Bill Markel owned a shop and showroom on South Broadway in Denver that was dedicated to early Corvettes and some foreign sports cars. I used to drop in and snoop around. I thought maybe I could pick up a mid-year Corvette that was not a restoration candidate and make a vintage race car. He had a 67 roadster that looked promising until I inspected it closely and saw that even though it was a “plastic fantastic” car its fastening points and frame were rusted beyond repair. You tell someone that you saw a rusted out 67 Corvette and they might think you were nuts.
I also looked at a Ferrari Daytona that he had on the lot. He wanted $15K for it. A little high priced, but a very nice car. I had kids in school and other financial obligations at the time, so I had to pass on it as well.
Driving west on I-70 across Ohio on a business trip with my wife Sara we made a special stop in Dayton to visit the air force museum. As a former USAF A&E maintenance officer, I had flown in a lot of different airplanes including a lot of the old prop jobs and have been a lifelong lover of airplanes since making models as a boy. To see so many restored aircraft from all eras was a really big treat for me. I bought a nice professional model of the B47 bomber and KC97 refueling tanker, both of which I knew very well from working on and flying in them.

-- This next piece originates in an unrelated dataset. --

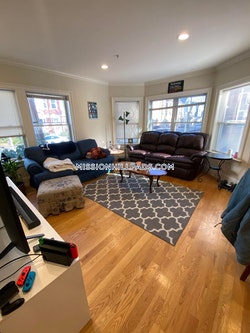 1 Oswald St, Mission Hill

In the motel that night I was scanning the local paper where I saw an ad for a 60s Ferrari coupe for sale. I called the owner and made an appointment for a test drive. It was a white car with a recent repaint. He had documentation that showed that it belonged originally to a Hollywood luminary. That did not impress me, but the car ran well and I liked it. He wanted $30K for it. On closer inspection, I noted a fairly large crack in the paint in the area of the cowl. Paint cracks like that mean only one thing: excessive use of bondo body filler to cover up shoddy body work. I passed on the car.
Driving my 67 Vette roadster down one of the side streets in my subdivision, I noticed an old Ferrari coupe parked in the driveway. I had to stop and talk with the owner. The car looked a little worn but it was presentable. He admired my Vette and wanted to talk about a trade. I drove the Ferrari and immediately felt the difference. The Corvette was a sprint car with extremely fast acceleration. You put it in second gear, stepped on it, and you MOVED. The Ferrari did not move like that. It accelerated but at a more leisurely pace. What I felt was the buttoned down nature of the ride. The Vette could get a little wild on bumps and curves, and the Ferrari was just kind of glued to the road. Nice car but the Vette was my cup of tea, so no deal.
THE PRICE OF GOLD
So what would have happened if I had been more affluent and less picky and bought those cars and kept them till now? You need to ask? My total investment of about $75 K would be worth many millions of dollars now. But as they say: “If gold is selling for a dollar a pound and you only have 99 cents, you cannot buy a pound of gold.”
NOW IT IS YOUR TURN
Let’s get back to the white horses and the wish. I will never tell what the wish Is unless it comes true, but I have given you some hints. I still renew my wish whenever I see a white horse. I know that if you have read this far that the next time you see a white horse, you will think about making a wish. Such is the power of writing. Go ahead and do it. We all deserve a secret place in our life that we share with no one. Let’s see if you can keep your wish secret for 65 years.